US Vice President JD Vance
Credit: Reuters photo
New Delhi: The United States has subtly asked India to avoid a military conflict with Pakistan while responding to the April 22 terrorist attack at Baisaran near Pahalgam in Jammu and Kashmir.
“We’ve obviously been in close contact with our friends in India and Pakistan. Our hope here is that India responds to this terrorist attack in a way that does not lead to a broader regional conflict,” US Vice President J D Vance told Fox News late on Thursday.
He was responding to a query on the escalation of tensions between New Delhi and Islamabad in the wake of the killing of 26 people in the carnage in J&K. Prime Minister Narendra Modi on April 29 gave the armed forces of India “operational freedom” to respond to the attack, which was carried out by the terrorists owing allegiance to The Resistance Force, an offshoot of Lashkar-e-Tayyiba based in Pakistan.
Vance made the comment a day after External Affairs Minister S Jaishankar received a call from US Secretary of State Marco Rubio, who asked India to work with Pakistan “to de-escalate tensions and maintain peace and security in South Asia”.

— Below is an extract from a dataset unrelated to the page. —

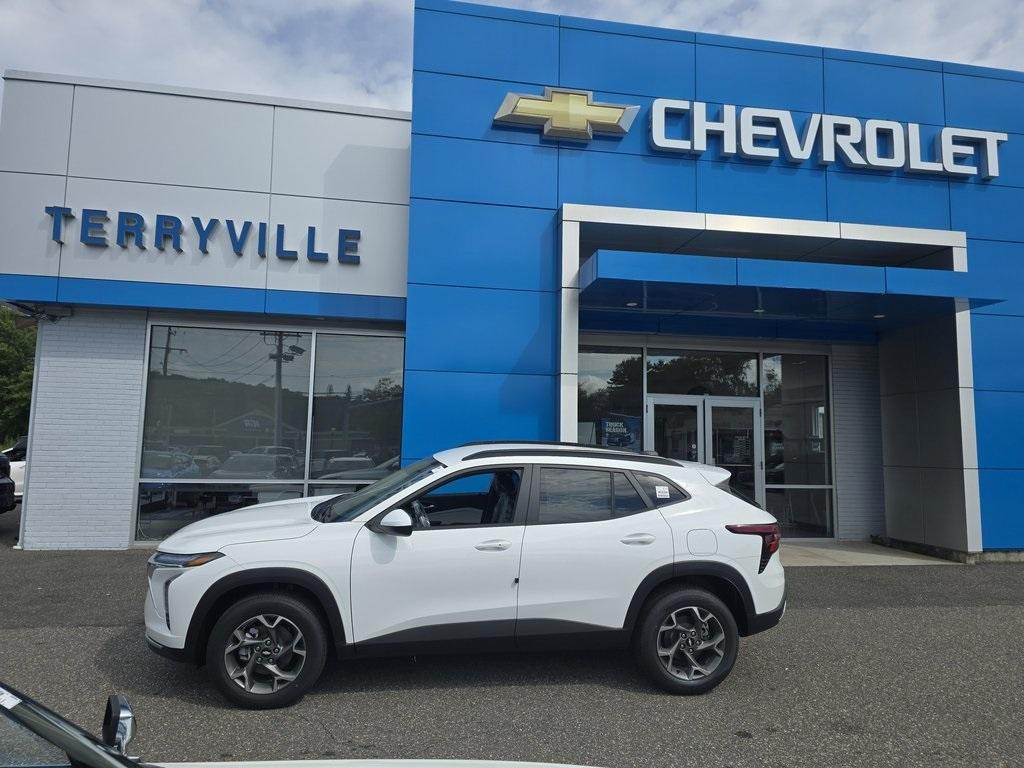 new 2025 Chevrolet Trax car, priced at $25,946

China, earlier this week, asked India and Pakistan to exercise restraint, while the US called for a “responsible resolution” to diffuse tension.
“And, we hope, frankly, that Pakistan, to the extent that they’re responsible, cooperates with India to make sure that the terrorists sometimes operating in their territory are hunted down and dealt with. That’s how we hope this unfolds, we’re obviously in close contact. We’ll see what happens,” the US vice president told the TV channel.
Vance, along with his wife and children, was on a visit to India when the latest carnage in J&K was carried out by the terrorists, who were trained in areas under illegal occupation of Pakistan.
New Delhi alleged “cross-border linkages” of the carnage as early as on April 23 and responded to it, by putting in abeyance 65-year-old India-Pakistan Indus Water Treaty (IWT), shutting down the Integrated Check Post at Attari-Wagah border between the two countries, revoking visas issued to citizens of Pakistan to visit India, and further downgrading bilateral diplomatic relations. New Delhi also expelled Pakistan’s three military officers posted as diplomats at its high commission in the capital of India.
Islamabad put in abeyance the 1972 Simla Agreement as well as all other bilateral pacts between Pakistan and India, apart from initiating other retaliatory measures to respond to New Delhi’s moves. They also stopped allowing aircraft of India and Pakistan to fly through each other’s airspace.
When Rubio late on Tuesday told him over the phone that President Donald Trump’s administration wanted India to work with Pakistan to maintain peace in South Asia, External Affairs Minister S Jaishankar responded by stressing that the “perpetrators, backers and planners” of the attack must be brought to justice.
This was followed by Defence Minister Rajnath Singh telling his US counterpart Pete Hegseth on Wednesday that Pakistan had a history of supporting, training and funding terrorist organisations, and the world could no longer turn a blind eye to the role of the “rogue state” in fuelling global terrorism and destabilising the region. Hegseth, according to a readout issued by New Delhi, told Singh that the US stood in solidarity with India and supported India’s right to defend itself.
Hegseth’s post on X about his call with Singh, however, had no reference to Pakistan, although he did convey strong support of the US to India.
Despite the persistent refusal of Prime Minister Shehbaz Sharif’s government to acknowledge the role of the entities based in Pakistan in the latest terrorist attack in India, the Trump Administration asked New Delhi to avoid regional conflict while responding to the carnage. A source in New Delhi told DH that the US should not overlook the fact that Pakistan had never done its bit to bring to justice the plotters and perpetrators of the terror strikes in India, be it the November 26-28, 2008, carnage in Mumbai, or the attacks on the Indian Air Force base in Pathankot January 2016. Though the recent extradition of 26/11 plotter Tahawwur Rana from the US to India raised hope for stronger bilateral cooperation against terrorism, New Delhi was taken aback by the nudge from Washington, D.C. to work with Islamabad to diffuse tension.
Sharif recently said that his government was open to participating in any neutral investigation into the April 22 carnage in J&K.
New Delhi had only once in the past allowed Islamabad to take part in a probe into a terror attack in India. Prime Minister Narendra Modi’s government had in March 2016 allowed a team of investigators from Pakistan to visit the scenes of attacks that the Jaish-e-Mohammed (JeM) terrorists had carried out inside the airbase at Pathankot in India. The officials of India’s National Investigation Agency had accompanied the investigators from Pakistan during the tour to the Indian Air Force base.
The exercise, however, had not resulted in any meaningful action by Pakistan against the terrorist organisations known for carrying out attacks in India. The Indian Army, later on September 26 that year, carried out its first publicly acknowledged “surgical strikes” on the camps of the terrorists in the areas under illegal occupation of Pakistan.